Court of Appeals of the State of New York
Apr 1, 1852
6 N.Y. 190 (N.Y. 1852)

Opinion

April Term, 1852

H. Hogeboom, for appellant.

J.H. Reynolds, for respondents.





The judgment of the surrogate, in admitting the will in this case, (which relates only to personal property,) to probate, is the decision of a court of competent and exclusive jurisdiction, which cannot be impeached collaterally. (2 R.S. 61, § 29; 7 Paige, 397; 3 Barb. Ch. R. 481.)

The twenty-ninth section of the statute, (2 R.S. 61,) declaring the probate of wills of personal property conclusive, does not necessarily conflict with the eighteenth section of the act of 1837, which makes the fifteenth section of the revised statutes in relation to wills of real estate, applicable to wills of personal property. The section last mentioned provides "that wills proved according "to the previous provisions of the act, shall have a certificate "indorsed thereon, signed by the surrogate and attested by his "seal of office, and may be read in evidence without any further "proof thereof."

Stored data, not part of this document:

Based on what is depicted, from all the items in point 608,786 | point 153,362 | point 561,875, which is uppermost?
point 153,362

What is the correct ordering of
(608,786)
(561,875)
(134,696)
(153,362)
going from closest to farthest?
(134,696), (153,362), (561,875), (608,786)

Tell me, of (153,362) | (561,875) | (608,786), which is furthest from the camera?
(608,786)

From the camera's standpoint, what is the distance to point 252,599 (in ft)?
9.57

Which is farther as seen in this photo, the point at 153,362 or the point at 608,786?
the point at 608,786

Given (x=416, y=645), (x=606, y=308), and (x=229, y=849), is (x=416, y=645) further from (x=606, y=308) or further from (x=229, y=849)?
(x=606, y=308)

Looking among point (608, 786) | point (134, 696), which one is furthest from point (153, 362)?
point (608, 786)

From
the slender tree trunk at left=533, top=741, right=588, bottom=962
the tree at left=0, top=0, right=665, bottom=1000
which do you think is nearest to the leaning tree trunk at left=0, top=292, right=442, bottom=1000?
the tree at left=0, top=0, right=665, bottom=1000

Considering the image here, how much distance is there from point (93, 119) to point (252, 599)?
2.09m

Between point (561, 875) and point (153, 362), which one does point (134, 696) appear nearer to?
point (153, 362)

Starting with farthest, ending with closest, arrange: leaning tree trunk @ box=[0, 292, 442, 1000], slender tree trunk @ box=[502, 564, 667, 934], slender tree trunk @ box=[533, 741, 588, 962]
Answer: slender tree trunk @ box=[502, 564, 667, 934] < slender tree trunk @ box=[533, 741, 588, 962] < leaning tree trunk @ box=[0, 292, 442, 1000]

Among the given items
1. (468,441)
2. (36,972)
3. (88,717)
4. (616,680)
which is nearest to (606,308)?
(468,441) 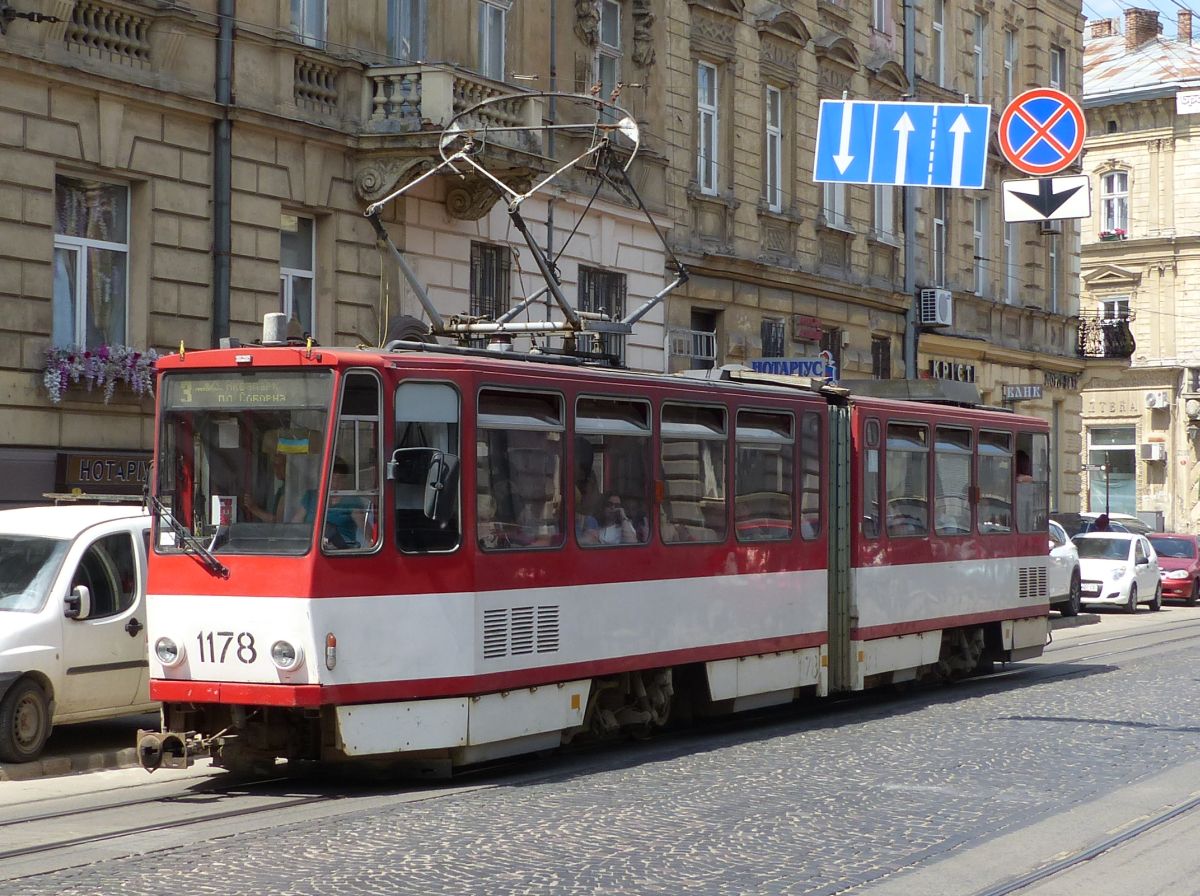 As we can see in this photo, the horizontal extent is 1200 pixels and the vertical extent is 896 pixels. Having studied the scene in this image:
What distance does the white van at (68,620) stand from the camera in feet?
39.0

"The record of such will, made as aforesaid, and the exemplification of such record by the surrogate in whose custody the "same may be, shall be received in evidence, and shall be as "effectual, in all cases, as the original will would be, if produced "and proved, and may in like manner be repelled by contrary "proof." The object of the provision was to make the certificate of the surrogate, and the record of the will or an exemplification, prima facie evidence. The legislature have accordingly declared that such shall be their effect; and have placed them upon the same footing as the records and exemplifications of deeds. (3 John. Cas. 236; Revisers' Notes to § 15, 3 R.S. 629.)

But the probate of a will, by which is meant the evidence, jurisdictional and otherwise presented to the court, together with the judicial determination of the surrogate upon that evidence, is, as to personal property, conclusive notwithstanding.

It is in the nature of a proceeding in rem; to which all persons having an interest in the subject of litigation may make themselves parties, and are consequently bound by the decree. (4 Paige, 623.)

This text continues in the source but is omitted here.